Instructions for the task. When you reach the line containing "Mangrove at The Villages Executive Golf Trail" in the entries below, begin reproducing lines exactly, and stop once the line containing "Dive the North and South of the Andaman Sea" is done.

[[ The data, beginning ]]

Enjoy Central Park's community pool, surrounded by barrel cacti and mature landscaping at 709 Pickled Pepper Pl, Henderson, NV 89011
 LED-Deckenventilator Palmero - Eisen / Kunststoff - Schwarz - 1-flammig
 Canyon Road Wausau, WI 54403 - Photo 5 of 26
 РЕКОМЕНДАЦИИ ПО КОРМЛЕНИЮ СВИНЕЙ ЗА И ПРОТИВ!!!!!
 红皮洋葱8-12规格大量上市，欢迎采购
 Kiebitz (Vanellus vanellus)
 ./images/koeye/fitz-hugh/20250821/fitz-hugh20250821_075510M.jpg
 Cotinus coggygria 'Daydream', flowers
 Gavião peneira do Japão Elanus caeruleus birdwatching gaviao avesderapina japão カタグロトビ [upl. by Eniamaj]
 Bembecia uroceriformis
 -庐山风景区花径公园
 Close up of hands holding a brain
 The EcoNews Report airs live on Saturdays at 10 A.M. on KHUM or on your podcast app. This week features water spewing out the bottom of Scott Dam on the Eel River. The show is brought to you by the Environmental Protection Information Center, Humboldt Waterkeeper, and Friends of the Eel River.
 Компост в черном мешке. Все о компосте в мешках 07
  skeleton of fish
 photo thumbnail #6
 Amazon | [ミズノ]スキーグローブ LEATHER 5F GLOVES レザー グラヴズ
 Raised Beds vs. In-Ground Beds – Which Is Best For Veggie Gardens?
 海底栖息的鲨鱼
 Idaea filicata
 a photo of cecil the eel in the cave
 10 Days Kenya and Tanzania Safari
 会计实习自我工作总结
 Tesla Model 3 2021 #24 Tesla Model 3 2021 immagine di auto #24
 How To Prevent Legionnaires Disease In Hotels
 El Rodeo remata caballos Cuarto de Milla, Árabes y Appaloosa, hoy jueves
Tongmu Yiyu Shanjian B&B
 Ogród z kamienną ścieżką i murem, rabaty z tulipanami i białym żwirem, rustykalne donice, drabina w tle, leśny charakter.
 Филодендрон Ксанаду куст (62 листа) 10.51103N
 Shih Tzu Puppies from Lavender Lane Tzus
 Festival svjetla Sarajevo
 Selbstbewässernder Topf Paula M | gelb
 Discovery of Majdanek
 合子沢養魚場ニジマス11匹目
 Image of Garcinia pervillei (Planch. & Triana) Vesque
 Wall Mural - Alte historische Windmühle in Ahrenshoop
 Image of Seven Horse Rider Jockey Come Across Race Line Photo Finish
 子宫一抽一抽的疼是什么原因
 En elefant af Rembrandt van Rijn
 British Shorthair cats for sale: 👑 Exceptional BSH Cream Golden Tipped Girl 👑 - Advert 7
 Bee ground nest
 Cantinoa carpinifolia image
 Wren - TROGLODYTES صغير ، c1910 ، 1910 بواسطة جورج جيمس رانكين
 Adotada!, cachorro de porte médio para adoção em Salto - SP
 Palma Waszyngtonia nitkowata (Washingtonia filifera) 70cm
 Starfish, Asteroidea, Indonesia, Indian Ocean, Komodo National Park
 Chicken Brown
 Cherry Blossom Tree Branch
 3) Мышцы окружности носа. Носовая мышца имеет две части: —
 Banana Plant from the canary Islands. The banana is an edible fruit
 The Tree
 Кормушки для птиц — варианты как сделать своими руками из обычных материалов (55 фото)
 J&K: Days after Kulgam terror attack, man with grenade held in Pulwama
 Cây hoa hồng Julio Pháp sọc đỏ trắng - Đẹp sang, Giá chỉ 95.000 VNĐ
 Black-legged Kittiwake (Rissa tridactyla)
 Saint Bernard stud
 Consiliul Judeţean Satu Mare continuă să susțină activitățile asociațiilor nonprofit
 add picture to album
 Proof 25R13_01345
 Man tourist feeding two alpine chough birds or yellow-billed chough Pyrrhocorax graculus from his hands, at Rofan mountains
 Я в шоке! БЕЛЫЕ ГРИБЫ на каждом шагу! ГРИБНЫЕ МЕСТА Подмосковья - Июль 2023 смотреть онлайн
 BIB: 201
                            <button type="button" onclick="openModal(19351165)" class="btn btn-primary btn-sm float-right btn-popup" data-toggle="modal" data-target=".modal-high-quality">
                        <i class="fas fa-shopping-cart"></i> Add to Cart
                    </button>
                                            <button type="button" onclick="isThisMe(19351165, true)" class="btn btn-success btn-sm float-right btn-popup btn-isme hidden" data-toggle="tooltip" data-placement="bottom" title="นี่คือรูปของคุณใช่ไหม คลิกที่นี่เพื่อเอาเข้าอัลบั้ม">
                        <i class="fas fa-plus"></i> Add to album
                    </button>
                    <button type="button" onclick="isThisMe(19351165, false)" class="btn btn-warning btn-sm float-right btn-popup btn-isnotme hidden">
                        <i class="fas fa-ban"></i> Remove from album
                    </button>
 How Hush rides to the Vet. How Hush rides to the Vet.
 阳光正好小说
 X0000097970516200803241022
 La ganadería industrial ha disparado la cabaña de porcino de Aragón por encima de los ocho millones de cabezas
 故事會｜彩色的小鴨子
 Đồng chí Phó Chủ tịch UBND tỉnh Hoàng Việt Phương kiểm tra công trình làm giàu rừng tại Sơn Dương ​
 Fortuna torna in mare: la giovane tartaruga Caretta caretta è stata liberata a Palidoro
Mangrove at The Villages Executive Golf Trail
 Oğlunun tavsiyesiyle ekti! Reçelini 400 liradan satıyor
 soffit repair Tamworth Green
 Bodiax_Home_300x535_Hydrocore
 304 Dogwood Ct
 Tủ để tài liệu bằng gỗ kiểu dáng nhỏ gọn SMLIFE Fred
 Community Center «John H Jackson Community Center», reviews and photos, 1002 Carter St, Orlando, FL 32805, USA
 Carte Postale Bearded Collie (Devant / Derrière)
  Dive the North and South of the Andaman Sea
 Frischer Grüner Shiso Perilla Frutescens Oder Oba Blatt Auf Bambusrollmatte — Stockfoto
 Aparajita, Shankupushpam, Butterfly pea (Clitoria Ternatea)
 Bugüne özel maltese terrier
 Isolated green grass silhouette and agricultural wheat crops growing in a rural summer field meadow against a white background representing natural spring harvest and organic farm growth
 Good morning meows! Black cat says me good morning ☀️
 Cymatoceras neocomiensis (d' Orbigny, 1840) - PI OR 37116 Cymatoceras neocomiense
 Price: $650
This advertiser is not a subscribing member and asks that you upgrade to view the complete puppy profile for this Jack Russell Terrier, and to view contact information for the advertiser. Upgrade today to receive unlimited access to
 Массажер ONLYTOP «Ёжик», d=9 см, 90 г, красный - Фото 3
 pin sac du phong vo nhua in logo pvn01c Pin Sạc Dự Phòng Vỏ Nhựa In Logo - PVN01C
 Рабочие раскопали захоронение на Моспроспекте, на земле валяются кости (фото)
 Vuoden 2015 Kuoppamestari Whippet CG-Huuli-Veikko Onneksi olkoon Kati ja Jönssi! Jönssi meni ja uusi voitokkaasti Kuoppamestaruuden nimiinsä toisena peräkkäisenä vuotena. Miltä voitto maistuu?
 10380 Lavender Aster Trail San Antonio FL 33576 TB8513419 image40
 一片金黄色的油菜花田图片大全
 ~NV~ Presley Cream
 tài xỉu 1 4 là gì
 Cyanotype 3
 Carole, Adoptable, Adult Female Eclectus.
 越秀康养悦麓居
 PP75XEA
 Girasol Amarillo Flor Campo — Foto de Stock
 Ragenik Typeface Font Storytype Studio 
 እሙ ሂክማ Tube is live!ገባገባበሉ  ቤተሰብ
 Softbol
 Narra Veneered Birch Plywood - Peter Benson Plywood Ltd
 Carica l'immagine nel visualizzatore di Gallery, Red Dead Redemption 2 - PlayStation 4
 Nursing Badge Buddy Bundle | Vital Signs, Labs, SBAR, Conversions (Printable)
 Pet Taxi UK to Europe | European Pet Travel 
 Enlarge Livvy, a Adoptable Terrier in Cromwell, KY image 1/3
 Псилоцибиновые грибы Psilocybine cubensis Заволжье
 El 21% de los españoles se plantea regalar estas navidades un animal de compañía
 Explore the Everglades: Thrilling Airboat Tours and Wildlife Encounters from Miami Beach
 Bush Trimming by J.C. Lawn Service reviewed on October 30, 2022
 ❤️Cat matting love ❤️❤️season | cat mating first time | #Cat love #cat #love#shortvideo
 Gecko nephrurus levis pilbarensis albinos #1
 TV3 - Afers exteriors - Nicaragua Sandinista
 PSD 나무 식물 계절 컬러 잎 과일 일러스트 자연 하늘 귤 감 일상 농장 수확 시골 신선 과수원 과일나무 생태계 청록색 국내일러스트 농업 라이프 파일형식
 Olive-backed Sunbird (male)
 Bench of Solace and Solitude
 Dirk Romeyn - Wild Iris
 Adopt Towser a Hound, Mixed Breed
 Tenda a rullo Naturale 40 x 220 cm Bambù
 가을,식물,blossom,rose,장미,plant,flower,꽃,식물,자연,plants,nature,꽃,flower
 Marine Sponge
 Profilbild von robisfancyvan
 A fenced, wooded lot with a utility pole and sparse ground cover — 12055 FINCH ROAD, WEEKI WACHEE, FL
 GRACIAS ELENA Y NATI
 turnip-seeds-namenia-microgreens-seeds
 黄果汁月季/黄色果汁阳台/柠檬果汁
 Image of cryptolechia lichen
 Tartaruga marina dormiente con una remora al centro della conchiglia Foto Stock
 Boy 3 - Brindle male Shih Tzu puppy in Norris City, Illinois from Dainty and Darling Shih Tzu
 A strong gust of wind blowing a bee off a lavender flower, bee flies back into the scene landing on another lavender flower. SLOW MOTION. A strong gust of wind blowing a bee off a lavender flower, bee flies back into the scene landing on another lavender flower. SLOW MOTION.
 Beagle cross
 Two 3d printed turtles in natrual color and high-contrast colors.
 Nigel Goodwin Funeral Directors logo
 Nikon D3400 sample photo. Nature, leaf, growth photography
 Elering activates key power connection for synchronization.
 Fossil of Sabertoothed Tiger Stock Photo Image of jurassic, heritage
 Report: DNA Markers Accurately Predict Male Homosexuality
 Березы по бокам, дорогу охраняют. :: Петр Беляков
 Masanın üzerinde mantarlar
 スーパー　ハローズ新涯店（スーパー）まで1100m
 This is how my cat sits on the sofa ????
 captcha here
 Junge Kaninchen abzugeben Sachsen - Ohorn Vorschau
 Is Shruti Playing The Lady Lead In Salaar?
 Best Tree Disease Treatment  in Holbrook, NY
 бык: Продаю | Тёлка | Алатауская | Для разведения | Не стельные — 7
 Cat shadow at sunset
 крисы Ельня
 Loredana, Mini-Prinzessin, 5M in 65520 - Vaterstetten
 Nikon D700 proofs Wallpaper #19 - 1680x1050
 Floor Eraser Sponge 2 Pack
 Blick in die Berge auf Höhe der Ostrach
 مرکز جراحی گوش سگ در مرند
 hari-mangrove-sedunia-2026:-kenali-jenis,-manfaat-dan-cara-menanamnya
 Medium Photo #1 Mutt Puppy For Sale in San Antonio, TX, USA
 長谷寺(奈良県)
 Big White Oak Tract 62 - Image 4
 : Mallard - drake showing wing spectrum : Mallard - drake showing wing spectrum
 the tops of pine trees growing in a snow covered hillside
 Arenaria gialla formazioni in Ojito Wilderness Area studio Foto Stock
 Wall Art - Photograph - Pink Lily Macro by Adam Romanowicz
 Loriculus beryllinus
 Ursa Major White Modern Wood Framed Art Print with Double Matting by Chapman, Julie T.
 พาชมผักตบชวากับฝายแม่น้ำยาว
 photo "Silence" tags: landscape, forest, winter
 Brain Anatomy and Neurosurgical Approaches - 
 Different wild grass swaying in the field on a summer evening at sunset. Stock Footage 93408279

[[ The data, end ]]

Problem solution.
Mangrove at The Villages Executive Golf Trail
 Oğlunun tavsiyesiyle ekti! Reçelini 400 liradan satıyor
 soffit repair Tamworth Green
 Bodiax_Home_300x535_Hydrocore
 304 Dogwood Ct
 Tủ để tài liệu bằng gỗ kiểu dáng nhỏ gọn SMLIFE Fred
 Community Center «John H Jackson Community Center», reviews and photos, 1002 Carter St, Orlando, FL 32805, USA
 Carte Postale Bearded Collie (Devant / Derrière)
  Dive the North and South of the Andaman Sea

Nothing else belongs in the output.